With the aim to support the development of novel XR-based applications targeting the educational domain, XR2Learn will design, develop and make available to its members a number of enablers to accelerate the development of XR learning applications: The consortium members will deliver a set of open-source components/libraries as enablers to the third parties that will be funded for building XR-based learning applications during the project lifetime.
XR2Learn Enablers
INTERACT: Authoring Tool for XR application development
Unimodal Tools for building emotion classifiers (fine tuning task in SSL)
Pre-trained representations and training tools as part of the enabler (audio, wearable devices, body tracking)
Affect Detection Enablers (pre-text task in SSL)
Multimodal fusion tools as part of the enabler (feature or decision based)
Learning process personalisation enabler (based on the Theory of flow)

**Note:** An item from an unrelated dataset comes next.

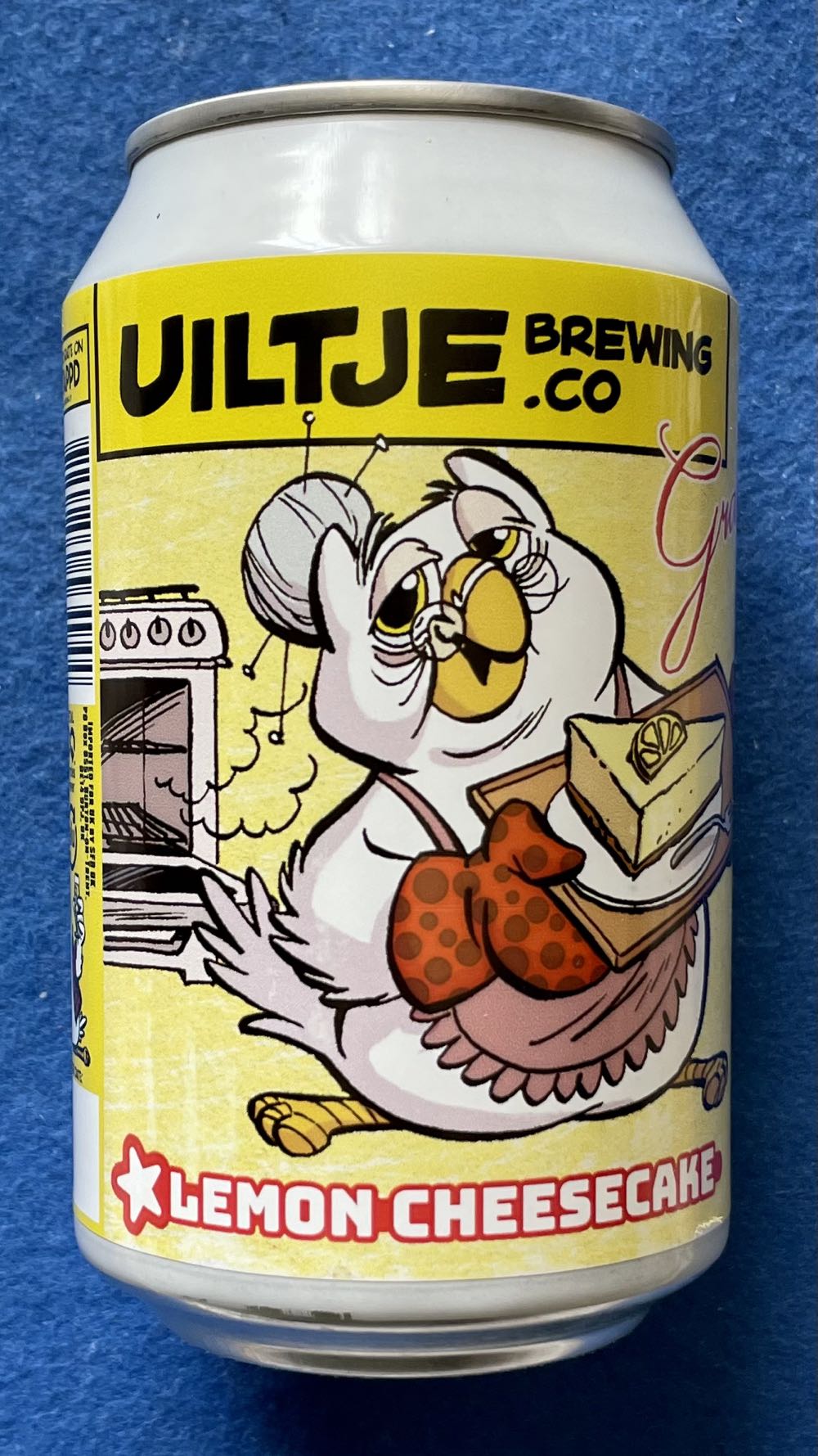 Portknockie Single Speyside Malt 43% Abv 70cl Scotch ...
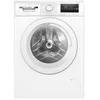 Image de Bosch WAN24209FR, Série 4, Lave linge hublot, 9 kg, 1200 trs/min, Blanc en occasion ou reconditionné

The enablers are planned to be delivered in a way that also encourages users to go beyond the supported functionalities, giving space for creating their own novel enablers by adjusting the code to more modalities and downstream tasks (e.g., Classical Emotion Recognition, Activity Recognition, and others)
Enabler 1 (INTERACT) is an authoring tool, designed as a plugin for Unity that is used to simplify human-centered processes, allowing faster and iterative decision making but also building training scenarios. This plugin is a no-code and generic tool for creating physics-based VR training scenarios tailored to be fully compatible with the XR2Learn platform.

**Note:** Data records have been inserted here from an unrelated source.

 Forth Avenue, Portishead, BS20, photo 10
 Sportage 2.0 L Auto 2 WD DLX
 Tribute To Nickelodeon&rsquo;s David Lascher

INTERACT is based on a cutting edge physics engine allowing realistic interactions such as collision detection and ergonomic evaluations. The plugin allows any of its users to create physically realistic VR simulations for multiple usages such as training for various fields of applications from 3D data that are to be imported in the authoring tool.
Enablers 2 and 3 will be delivered in the form of an open-source library, which allows developers to pre-train affect representation models in self-supervised learning (SSL) fashion using unannotated audio, speech, or VR body-tracking data, as well as use models pre-trained on the large open-source Affect Recognition datasets. These models can later be fine-tuned.

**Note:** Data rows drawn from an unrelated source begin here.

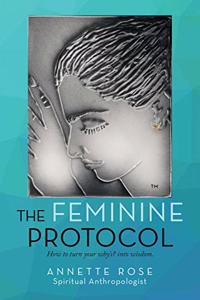 Feminine Protocol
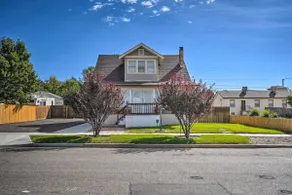 Modern Victorian Bungalow - Image 4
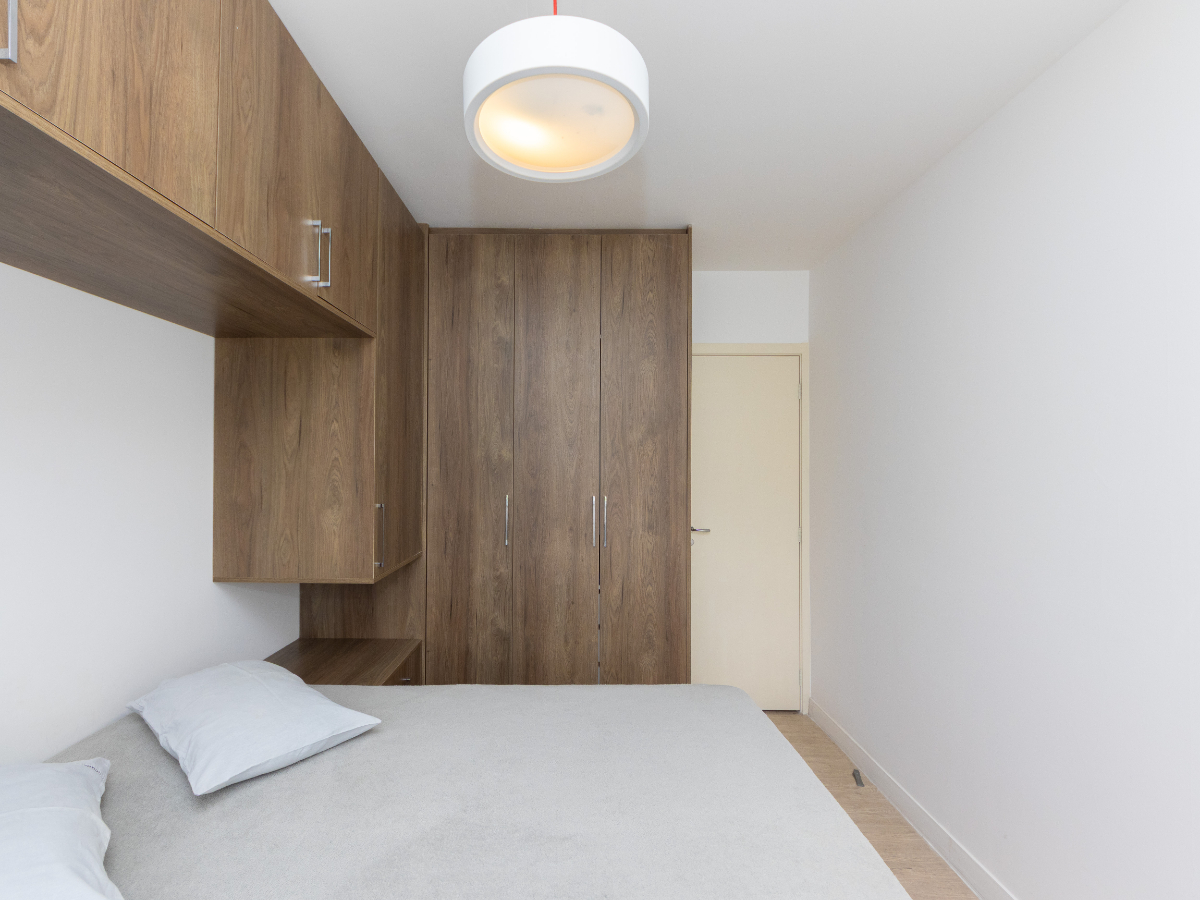 Cobertura à venda com 1 quarto, 56m² - Foto 13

Combined in another open-source repository, Enablers 4 and 5 will provide supervised Affect Recognition routines, where users can build affect or emotion recognition models (previously pre-trained via Enablers 2 and 3) using data labeled according to a certain emotional model.
Finally, all previously trained models can later be used in an inference mode within Enabler 6, which aims to capture affective states during VR training sessions and provide recommendations on difficulty-level adjustments and interventions in the training strategies.